Es gibt verschiedene Dachverbände, und die sind unterschiedlich in ihrer Nähe zum rechtsextremen Spektrum. Für den Dachverband der Deutschen Burschenschaft gilt aber, dass sie viele Mitgliedsbünde haben, in denen offen rechtsextreme Positionen vertreten werden. Viele Bünde akzeptieren die Grenzen Deutschlands nicht und träumen weiter von einem Großdeutschen Reich. Wenn dann wie aufgezeigt die Netzwerke im Berufsleben so gut funktionieren, werden damit rassistische und antisemitische Positionen in der Gesellschaft gestärkt. Besonders heikel ist, dass sie mit ihrer Ausländerfeindlichkeit und Rassismus nicht Einfluss nehmen auf weniger gebildete Schichten der Gesellschaft, sondern sie verbreiten dieses Gedankengut in der deutschen Elite von Wirtschaft und Politik. Denn dort sind die Burschenschaftler sozialisiert.

4. Welche Traditionen und Riten finden Sie am abschreckendsten bei den Verbindungen?

Vogt:

Eigentlich alles. Das beginnt mit dem Ausschluss von Frauen und Migranten, geht über das kollektive Besäufnis bis hin zur Mensur, dem Fechten, bei dem es nur darum geht, den anderen zu verletzen. Das alles ist ein albernes Männlichkeitsgehabe, das ich nicht brauche. Wirklich gefährlich ist aber, dass solche Prinzipien - wie der Ausschluss von Frauen - nicht am Verbindungshaus stehen bleiben, sondern auch sonst munter praktiziert werden.

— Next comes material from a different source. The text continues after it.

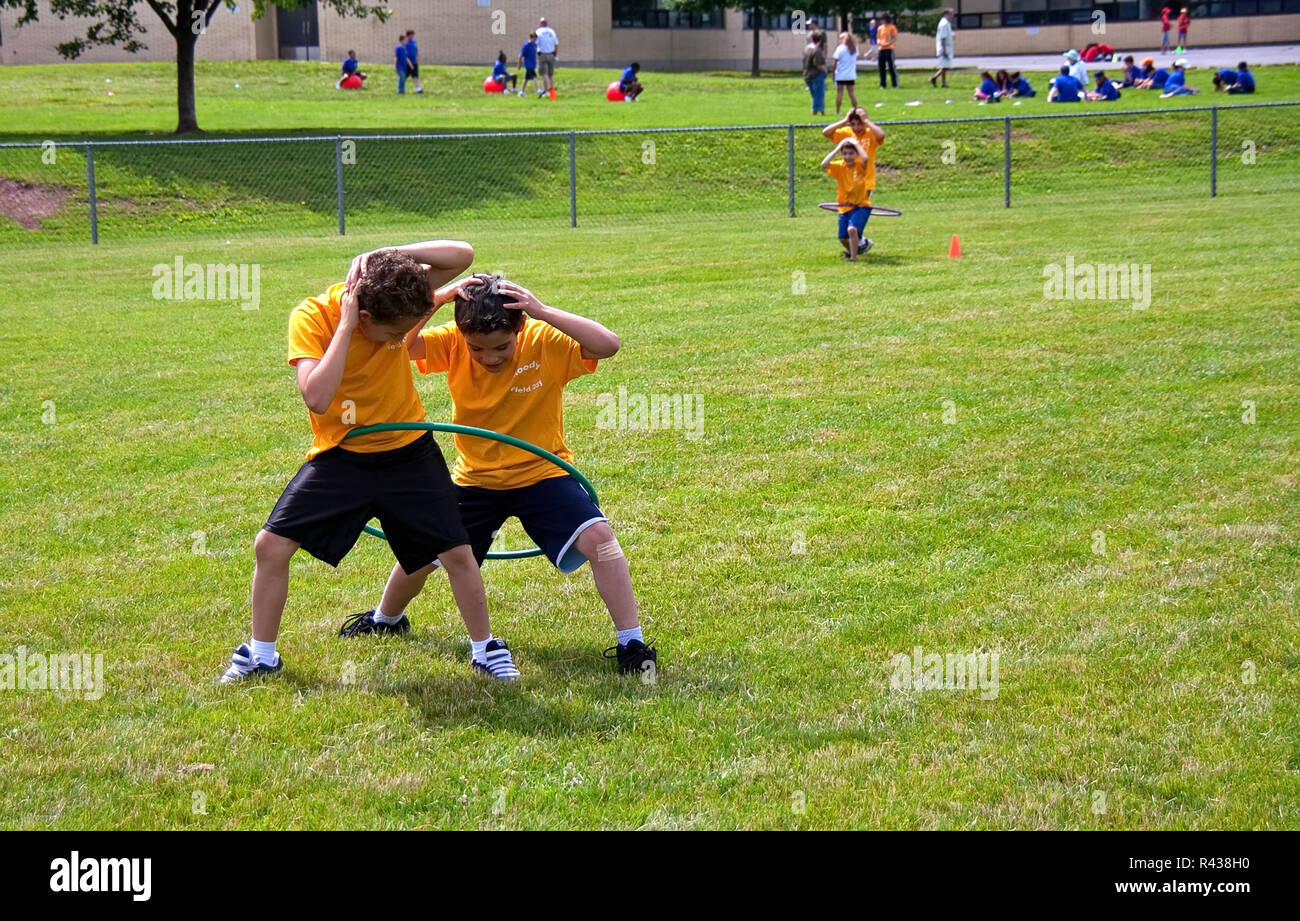 Middletown, CT USA. Jun 2009. Walking boys playing Hula Hoop race or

5. Warum sucht ein junger Mensch die Mitgliedschaft und Nähe zu einer Organisation wie der Burschenschaft heute noch?

Vogt:

Viele, weil sie Anschluss in einer für sie neuen Stadt suchen oder keine andere Wohnung finden. Und natürlich gibt es auch unter jungen Menschen Konservative, die so was toll finden.